Bienvenido a una nueva esquirla de la realidad. Olvida tu narrativa vital aburrida, lineal, derivativa y banal. Wormhole te traslada a otro lugar, uno que no conoces pero estás deseando conocer. Un jardín de las delicias en el que tú —sí, tú—, eres protagonista y víctima. Lo tienes delante y tira de ti con fuerza, te resistes aunque sabes que no deberías hacerlo. No has de temer al espejo que es este agujero de gusano. Enfréntate a ti mismo.
No resulta baladí esta introducción, pues desde el mismo inicio de Wormhole, si es que podemos llamar novela a una obra que en realidad es una reinterpretación de la realidad. Daniel Aragonés, arquitecto de ese otro lado, interpela al lector para que sea parte activa. Y lo hace no con el típico uso de una segunda persona que intenta repetir un truco ya gastado, sino con una verdadera asimilación del lector dentro de las páginas, en un fascinante ejercicio de retroalimentación que no es fácil encontrar en la literatura de nuestros días.
Estructurada en tres partes, encontramos en Wormhole un primer y tercer acto que van de la mano, hilados para conformar la historia principal. Ojo, principal no significa más importante. El segundo acto es un relato que aparece en la novela, un cuento perverso titulado Hateful blues. Y es vertebral. He utilizado la palabra retroalimentación, y aquí la historia principal y la historia vertebral se enredan como si participaran en un curioso y travieso juego sexual.

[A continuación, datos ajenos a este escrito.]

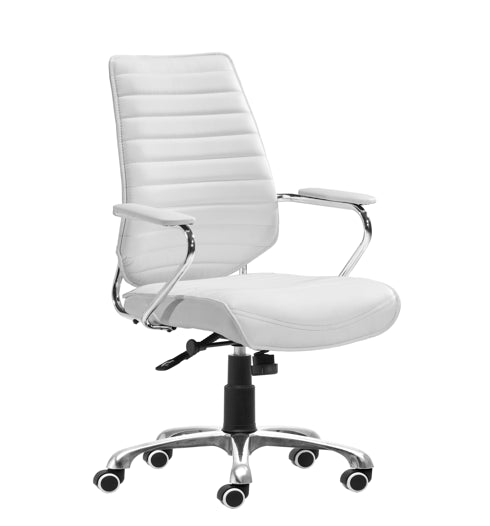 Enterprise Low Back Office Chair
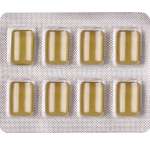 WUG Diet - Appetite Control and Snack Reduction BLISTER 8 UNITS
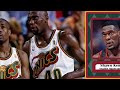 Shawn Kemp: DECADES BEFORE BLAKE GRIFFIN this Supersonics Star laid the Blueprint for Lob City | FPP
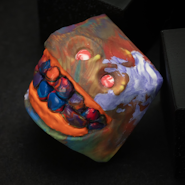 Chewing on Wildflowers 2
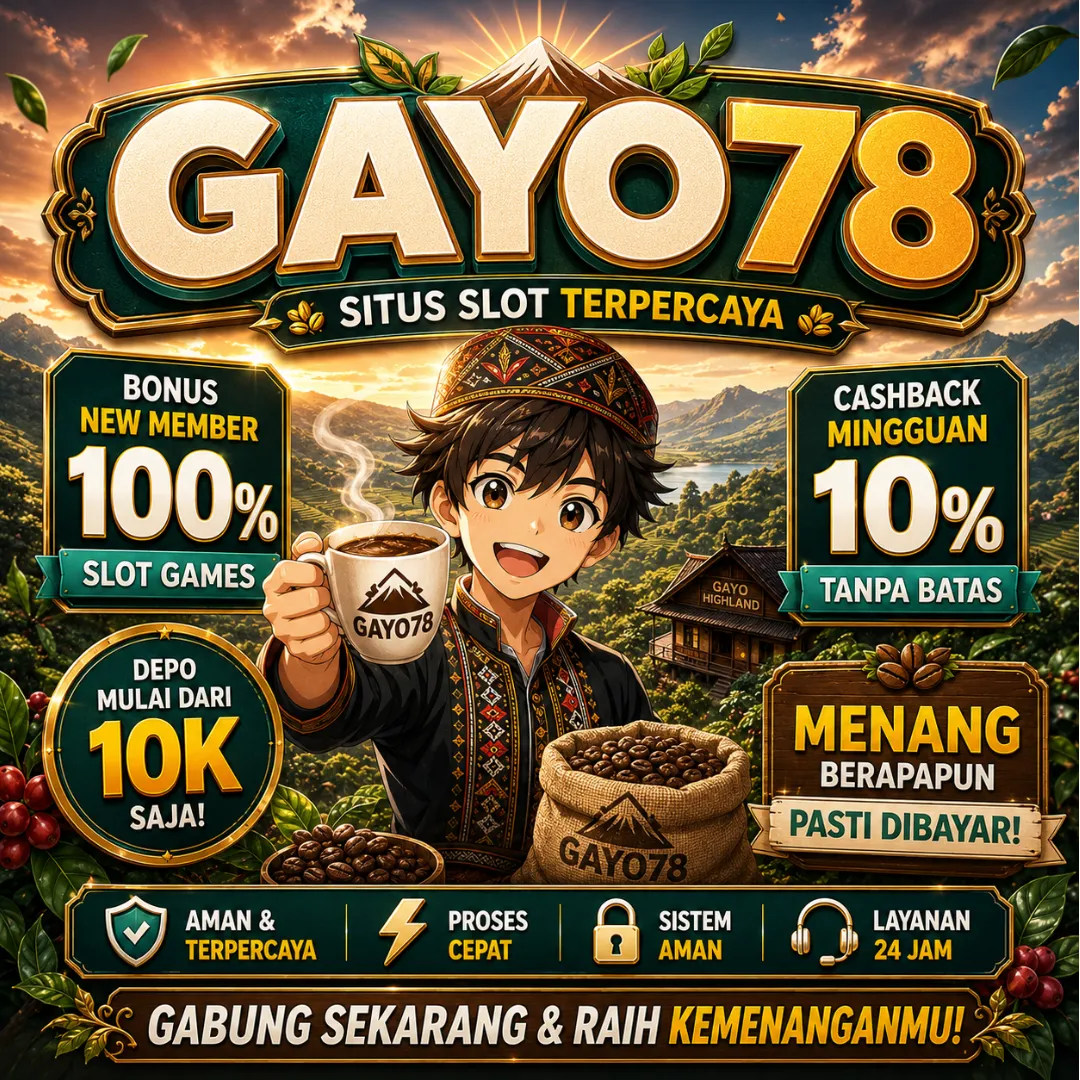GAYO78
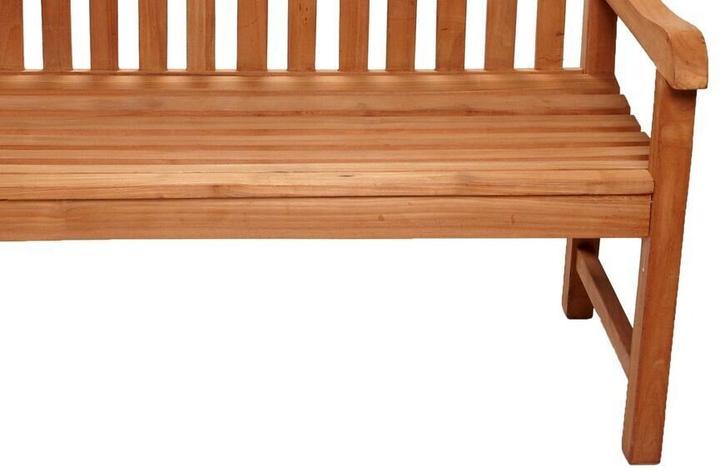 Actual product image LC Garden Gartenbank Kampen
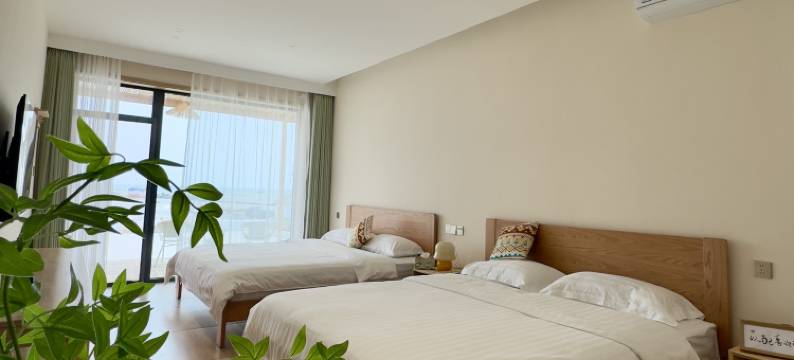 兴城与海时光民宿图片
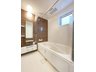 弥平４（舎人公園駅） 4090万円 一日の疲れを癒すバスルームは浴室乾燥機付きでいつでも快適バスタイム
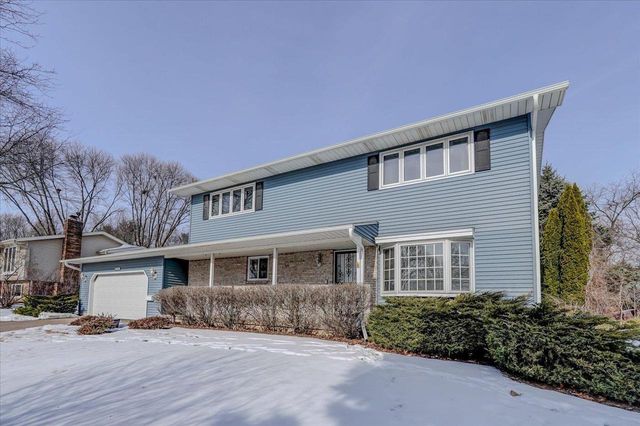 5654 Pennwall Street, Fitchburg, WI 53711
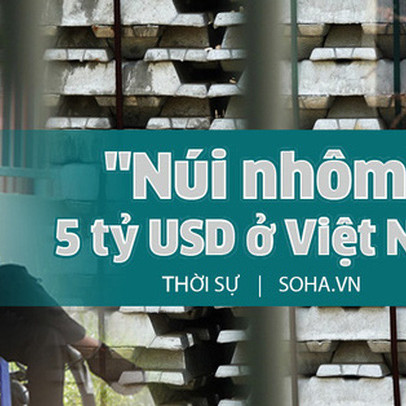 'Kho báu' 5 tỷ USD phơi nắng ở VN mà Trung Quốc đang thèm khát: An ninh thắt chặt 24/24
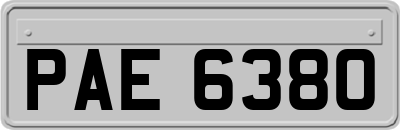 PAE6380
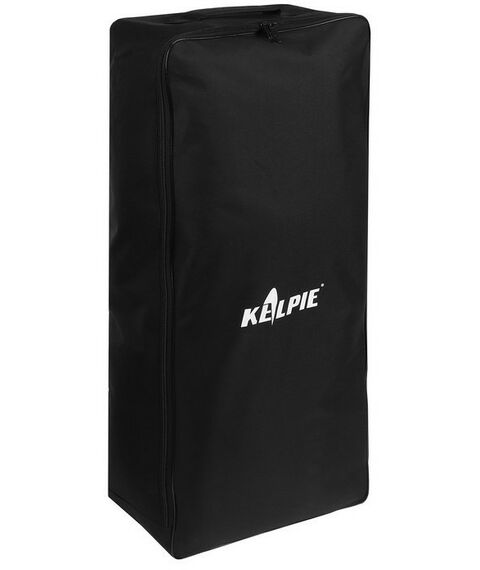 SUP-серфинг: SUP доска надувная KELPIE TOURING 11.5" 347х80х15 см фотографии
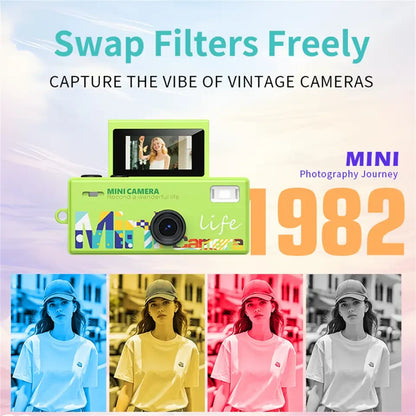 Retro Click Shot PRO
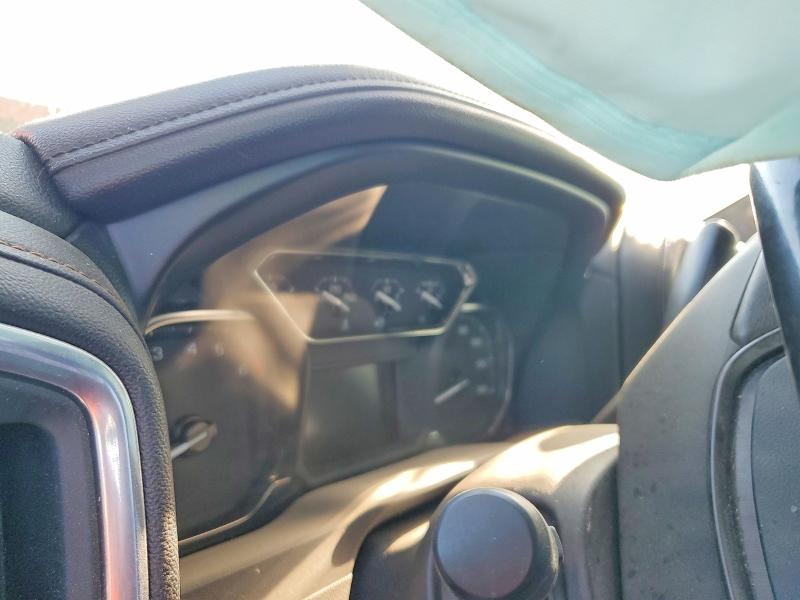 2021 Gmc Sierra მანქანა იყიდება აუქციონზე, vin: 3GTP9EELXMG304605, აუქციონის ნომერი: 50445916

En ese experimento se desvela una muestra de la falta de misericordia de la que la prosa de Aragonés hace gala, hurgando en zonas cálidas y normalmente inaccesibles de la moral y el ánimo humanos. La truculencia, por momentos exacerbada, se revela aquí tan exterior como interior, escupiendo a la cara del lector la podredumbre del alma humana. En este sentido, ciertos pasajes podrían emparentarse con obras tan extremas como A serbian film, aunque más a nivel conceptual que realmente repulsivo. El efecto, de nuevo, es fascinante.
Pero que no piense el lector que estamos ante una obra splatterpunk o gore, no. Aquí se juega con otros códigos. El autor, trasunto de sí mismo a distintos niveles en la novela, salpica aquí y allá con momentos de un intimismo brutal (aunque parezcan términos incompatibles, se complementan de un modo sensacional en manos de Daniel) que se alza con dos logros importantes: por un lado, aligera la carga de intensidad y de catarsis con lo extraño; por otro, nos ancla a una realidad que podemos reconocer y con la que podemos sentirnos vivos, un estado que nos prepara para la desolación de otros pasajes.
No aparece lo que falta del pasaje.